Una domanda frequente tra i lavoratori è: in caso di malattia, chi si fa carico del pagamento, l’INPS o il datore di lavoro? La risposta dipende dal tipo di contratto e dal settore di appartenenza.
Per i lavoratori con qualifica di impiegato, in generale spetta al datore di lavoro corrispondere la retribuzione durante il periodo di malattia. Questo vale secondo quanto stabilito dai contratti collettivi nazionali di lavoro, che prevedono il mantenimento dello stipendio per un certo numero di giorni all’anno, di solito con una riduzione dopo un certo periodo.

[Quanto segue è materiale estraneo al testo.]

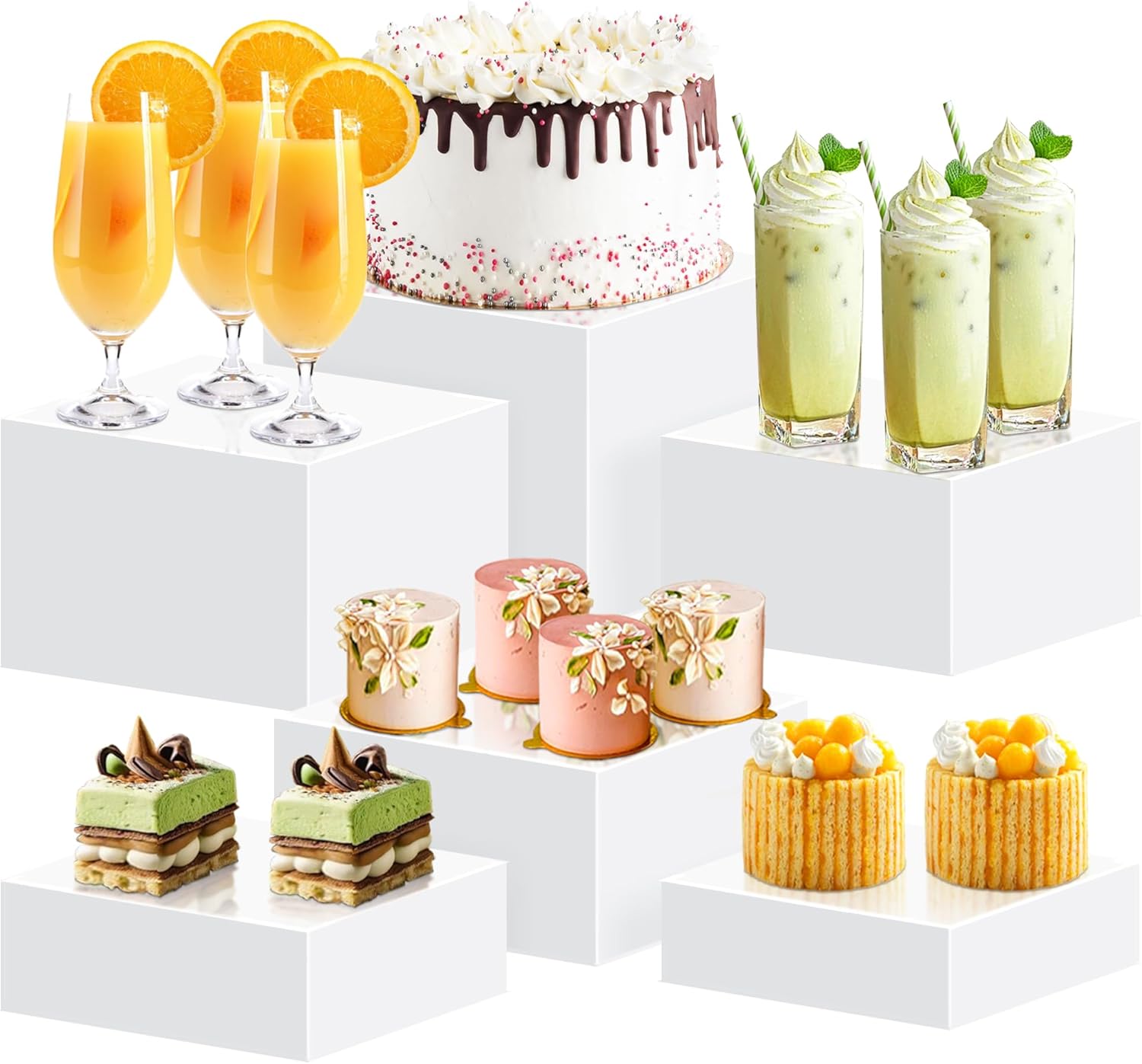 6-Piece Acrylic Display Risers - Display Risers Set ulasan dan harga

Tuttavia, ci sono delle eccezioni. Nel caso degli impiegati del settore terziario e dei servizi, è invece l’INPS a riconoscere un’indennità economica durante l’assenza per malattia, non il datore di lavoro. In pratica, chi lavora in aziende di servizi, negozi, attività commerciali o simili potrebbe ricevere direttamente l’indennità dall’istituto previdenziale, dopo i giorni di franchigia previsti.
È importante ricordare che in ogni caso il lavoratore deve presentare il certificato medico entro le 24 ore dalla sua emissione e rispettare le procedure previste per la giustificazione dell’assenza. Inoltre, la durata e le condizioni della retribuzione in malattia possono variare anche in base al CCNL (contratto collettivo nazionale del lavoro) specifico del settore.
In sintesi: per molti impiegati paga il datore, ma non per tutti. Negli uffici pubblici, nelle aziende industriali e in molti settori privati la retribuzione è garantita dal datore; nei servizi e nel terziario, spesso subentra l’INPS. Conoscere il proprio contratto è fondamentale per sapere a chi rivolgersi e cosa aspettarsi.